[Opening ENTRIES SUPPLIED section]

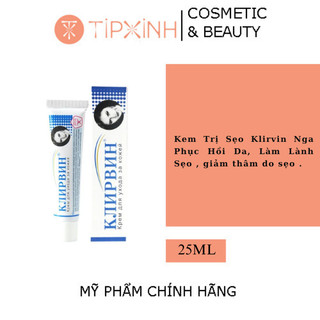 Kem sẹo Klirvin Nga chính hãng - Ảnh chụp thật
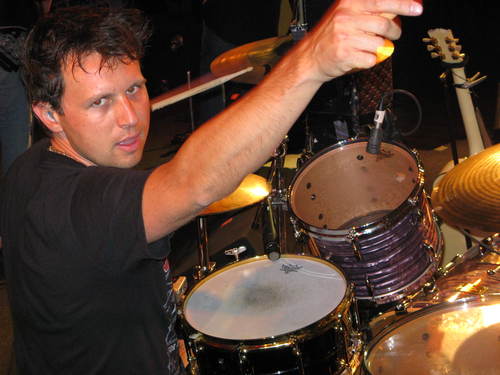 Drummer, Percussionist, Liver of Life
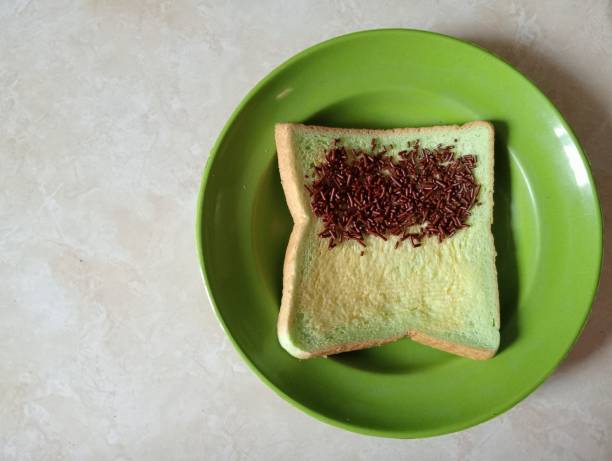 istock pandan bread with butter spread and chocolate sprinkles topping 2041256886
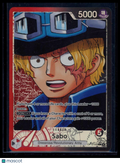 2025 One Piece Card Game Carrying On His Will Sabo Leader Special #OP13-004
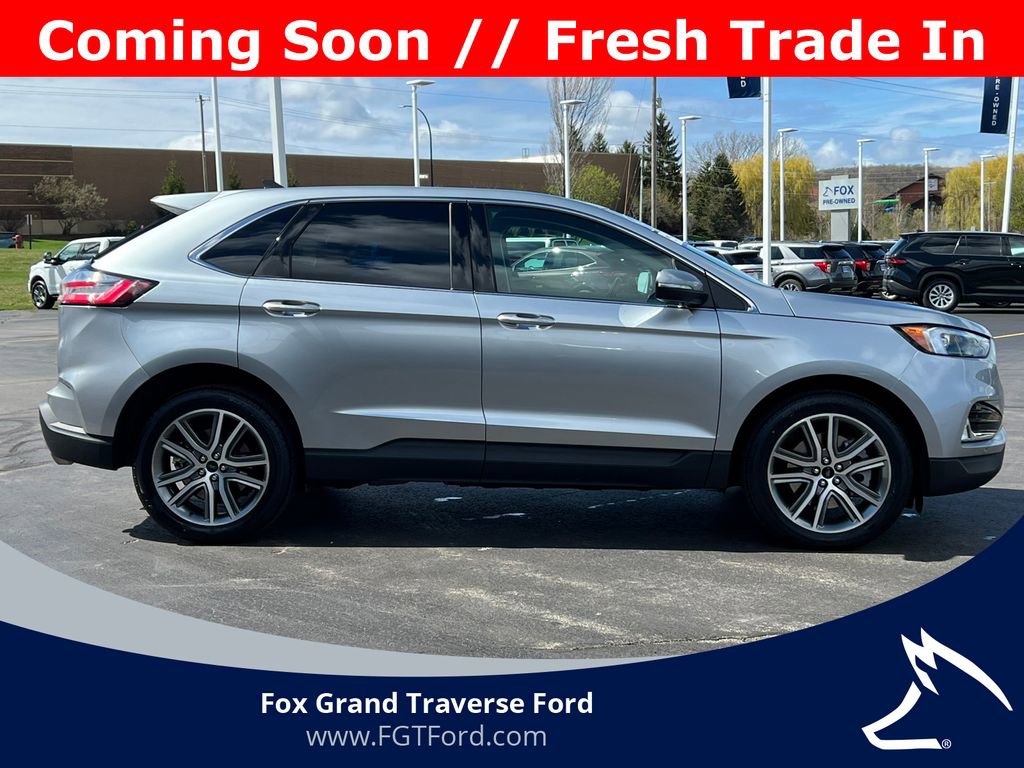 Certified 2024 Ford Edge Titanium w/ Class II Trailer Tow Package AWD/4WD image 48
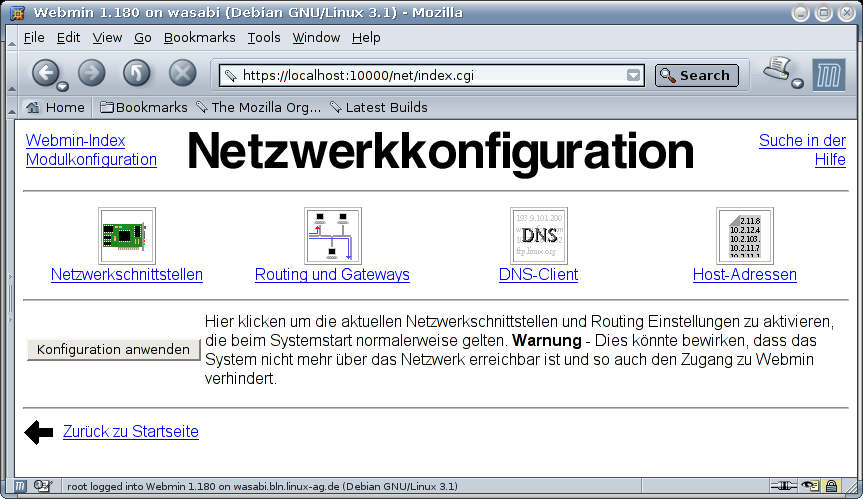 Kategorie Hardware - Netzwerk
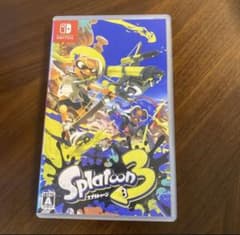 (値下げ)スプラトゥーン3のサムネイル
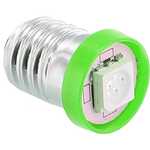 Photo of the: Mini COB Bulb - Green - E10 3VDC 0.18W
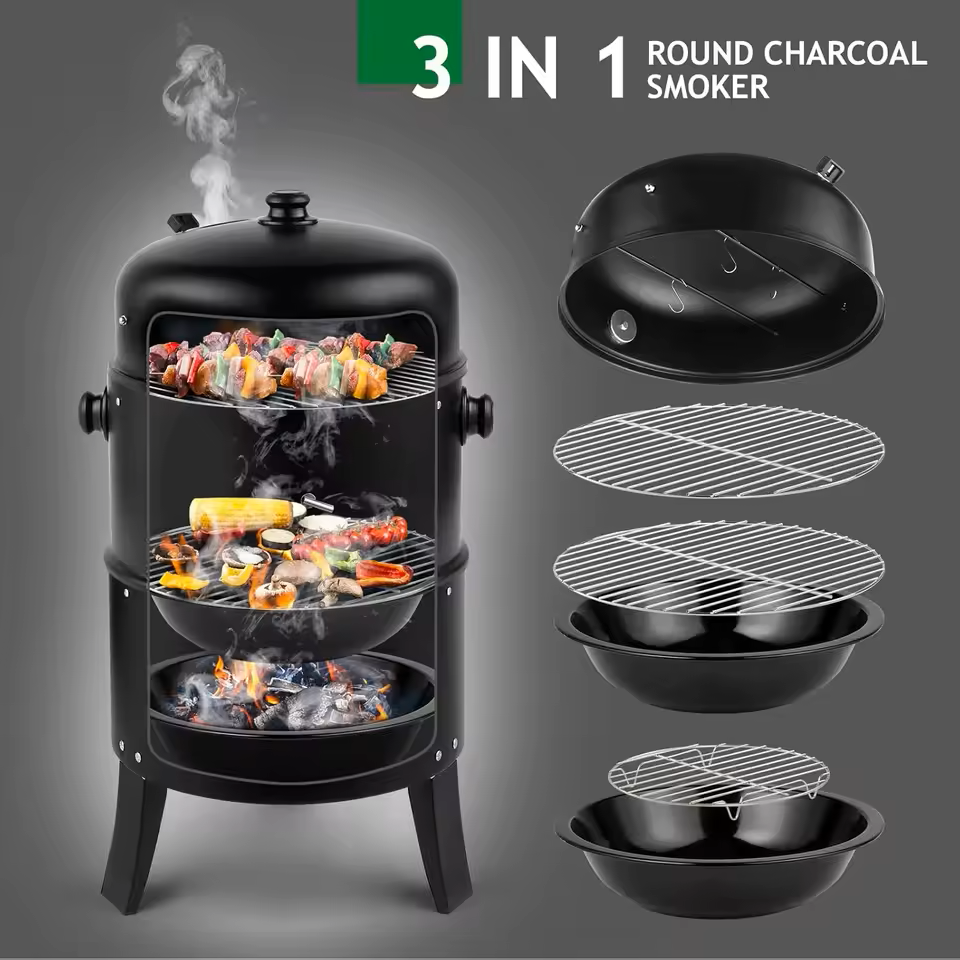 Vertical Stacked Grill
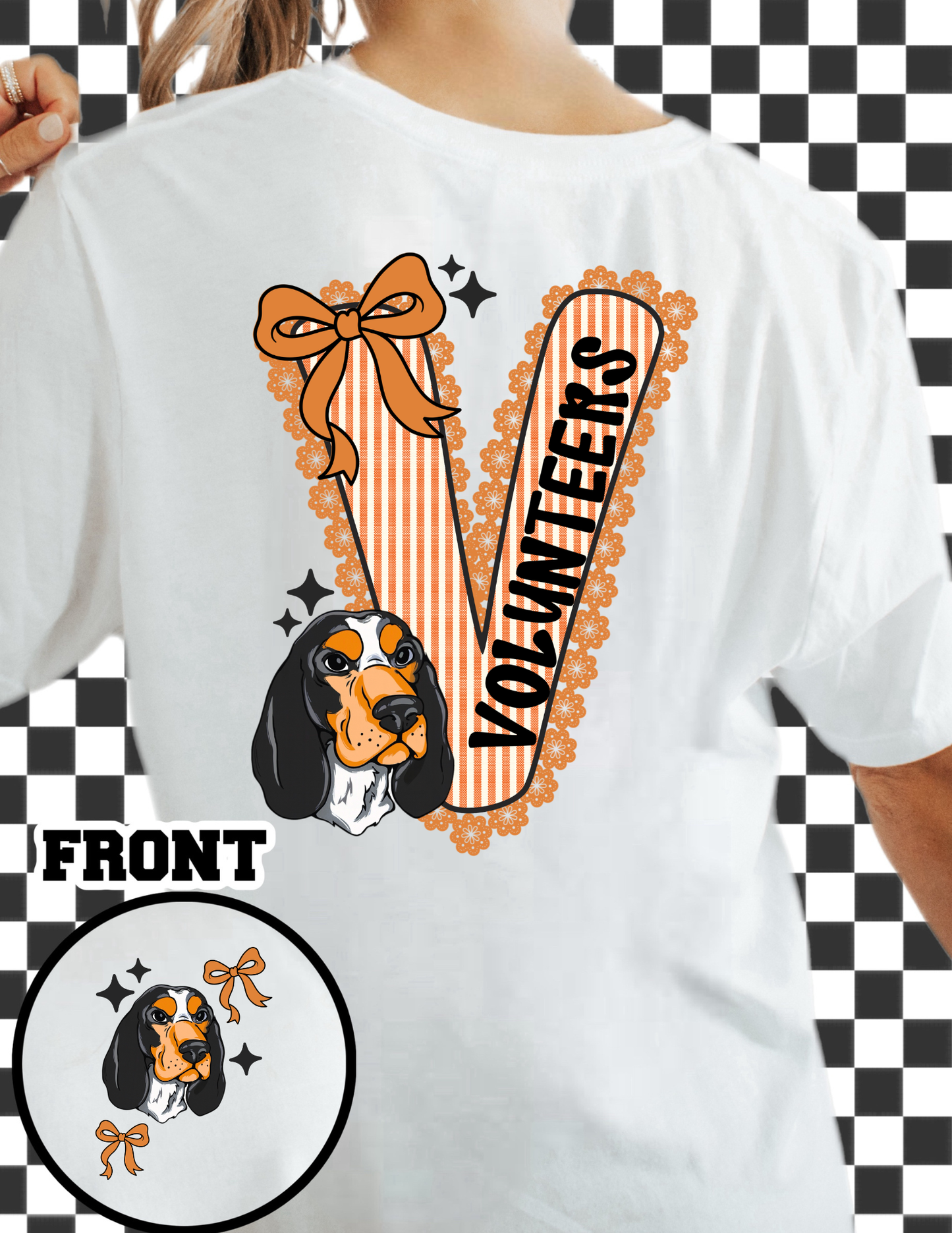 Volunteers (front&Back)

[Closing ENTRIES SUPPLIED section]

Could you output all of the entries above exactly? Leave the pictures out.

 Kem sẹo Klirvin Nga chính hãng - Ảnh chụp thật
 Drummer, Percussionist, Liver of Life
 istock pandan bread with butter spread and chocolate sprinkles topping 2041256886
 2025 One Piece Card Game Carrying On His Will Sabo Leader Special #OP13-004
 Certified 2024 Ford Edge Titanium w/ Class II Trailer Tow Package AWD/4WD image 48
 Kategorie Hardware - Netzwerk
 (値下げ)スプラトゥーン3のサムネイル
 Photo of the: Mini COB Bulb - Green - E10 3VDC 0.18W
 Vertical Stacked Grill
 Volunteers (front&Back)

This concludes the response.